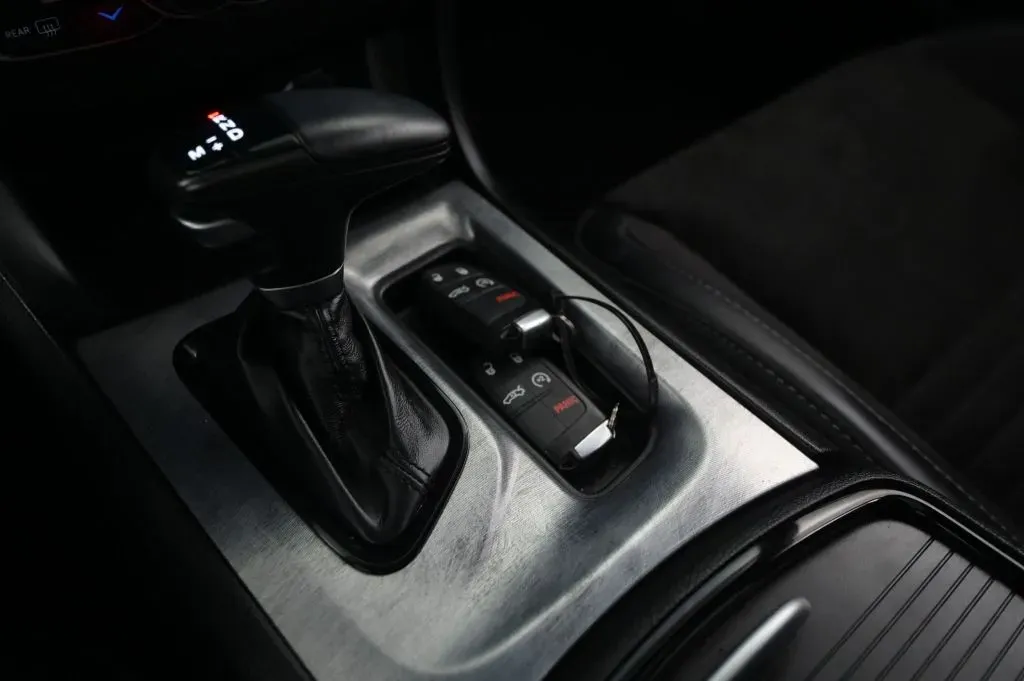 Dodge Charger photo 32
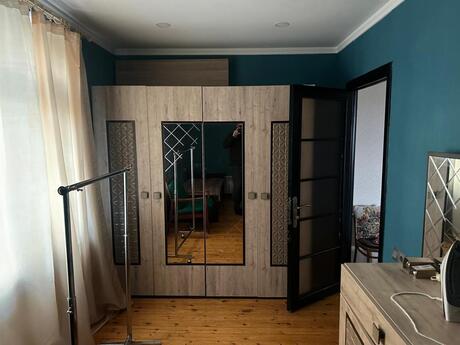 2 otaqlı köhnə tikili - Neftçilər m. - 44 m²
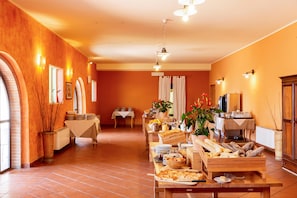 Daily buffet breakfast (EUR 10 per person)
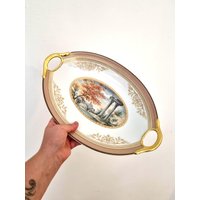 Kaiser Porzellanplatte "Belvedere" - Design K. Nossek | Handbemaltes Deutsches Porzellantablett Mit Goldenen Griffen von VintageStoryDesign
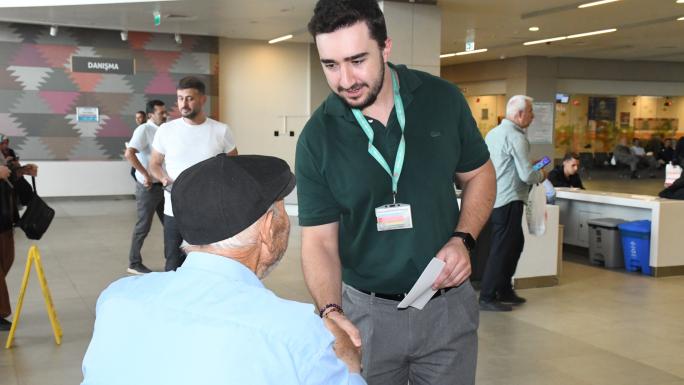 DR BAYRAKTAR : 50 YAŞ ÜSTÜ  ERKEKLER DÜZENLİ ŞEKİLDE MUAYENE OLMALI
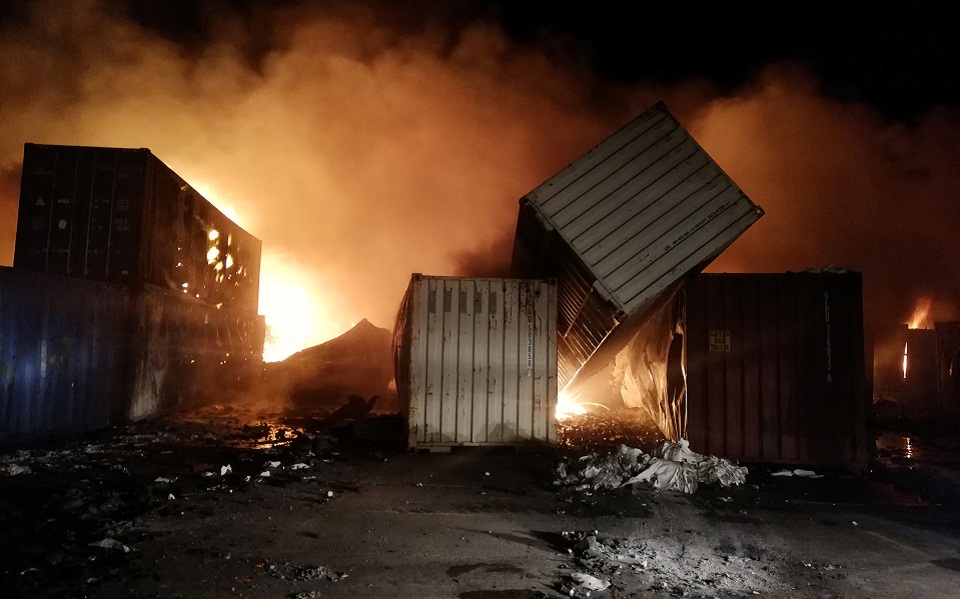 Συρία: Αεροπορική επίθεση στο λιμάνι της Λαττάκειας (εικόνες)-2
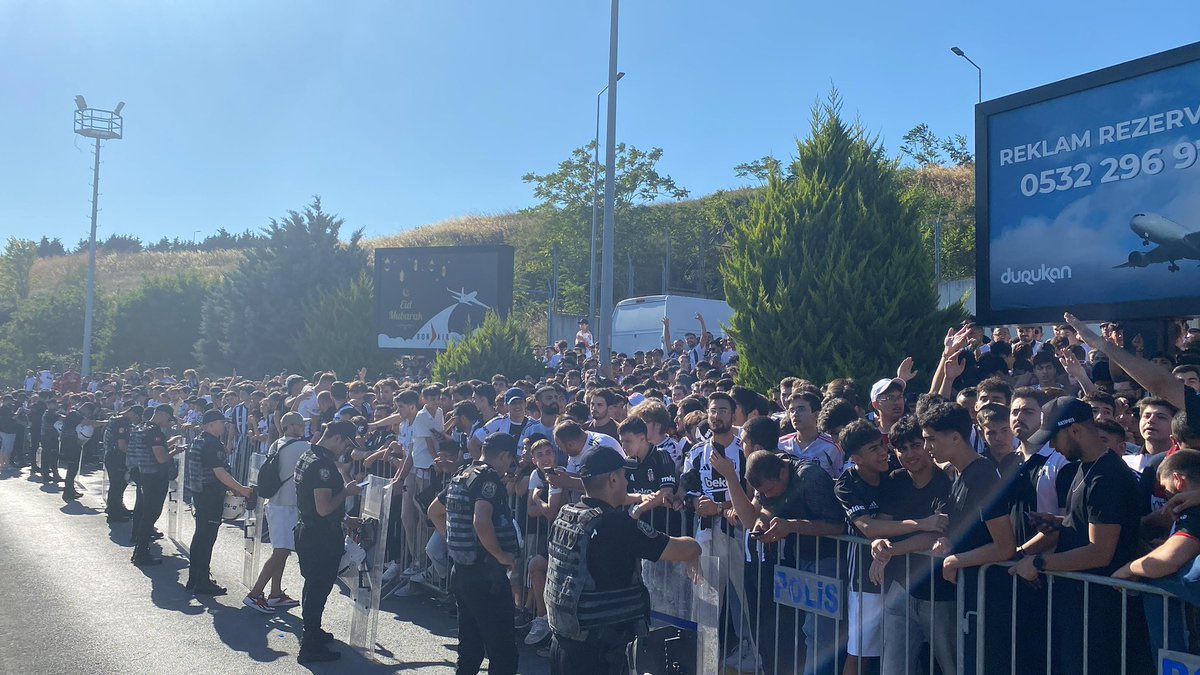 ÖYLE BİR SEVGİ Kİ, GÖRÜN DE BAKIN! 🔥

Orkun’umuzu bekliyoruz… #çArşı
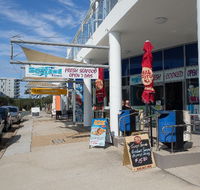 Seafood Town - Accommodation QLD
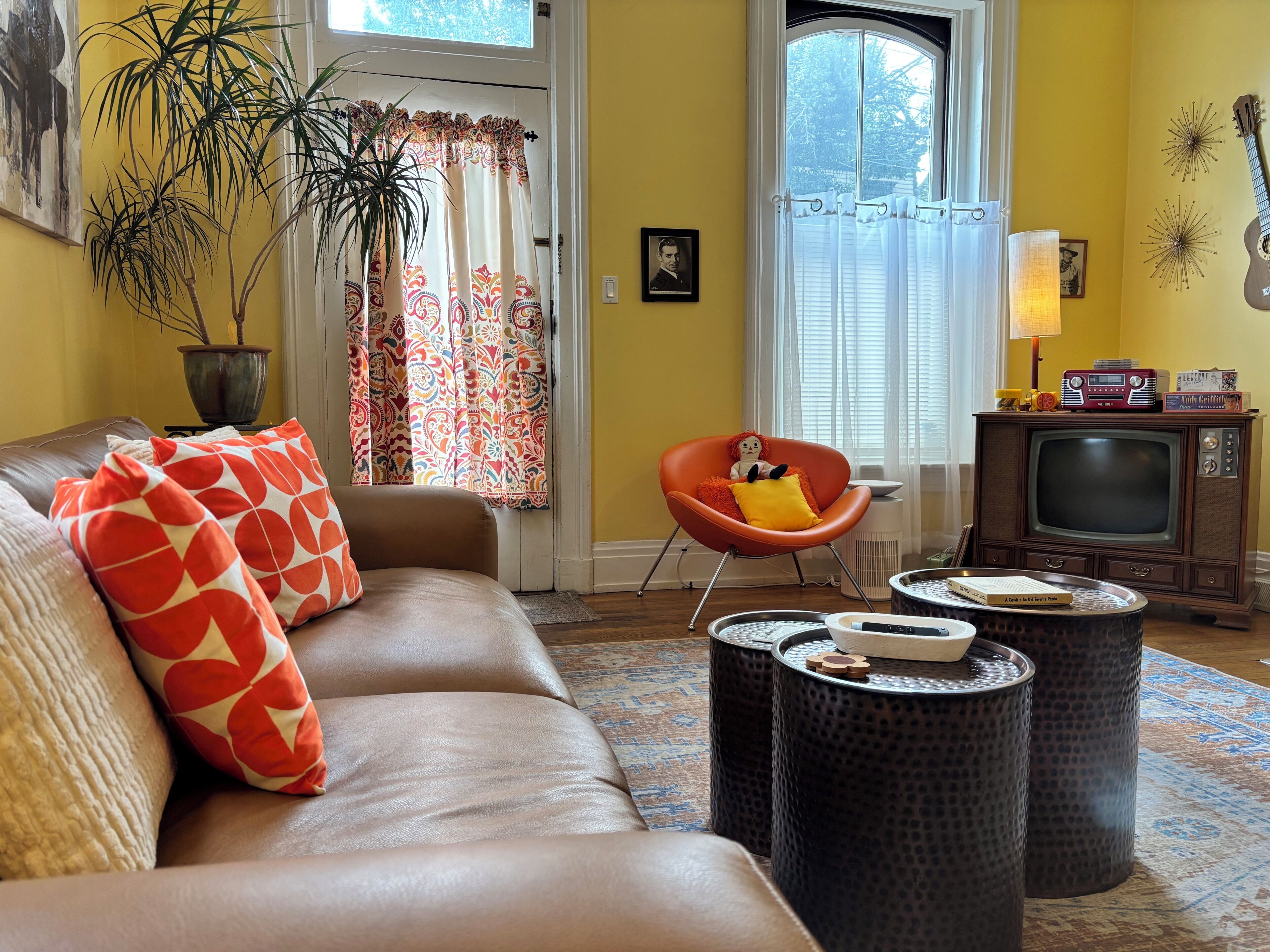 Smart TV, Netflix, books, smart speakers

=======

**Problem**.
Copy out, with no pictures, the lines from the one containing "Daily buffet breakfast (EUR 10 per person)" through the last line of the data above, both ends included and each word unchanged.

**Solution to the problem**.
 Daily buffet breakfast (EUR 10 per person)
 Kaiser Porzellanplatte "Belvedere" - Design K. Nossek | Handbemaltes Deutsches Porzellantablett Mit Goldenen Griffen von VintageStoryDesign
 DR BAYRAKTAR : 50 YAŞ ÜSTÜ  ERKEKLER DÜZENLİ ŞEKİLDE MUAYENE OLMALI
 Συρία: Αεροπορική επίθεση στο λιμάνι της Λαττάκειας (εικόνες)-2
 ÖYLE BİR SEVGİ Kİ, GÖRÜN DE BAKIN! 🔥

Orkun’umuzu bekliyoruz… #çArşı
 Seafood Town - Accommodation QLD
 Smart TV, Netflix, books, smart speakers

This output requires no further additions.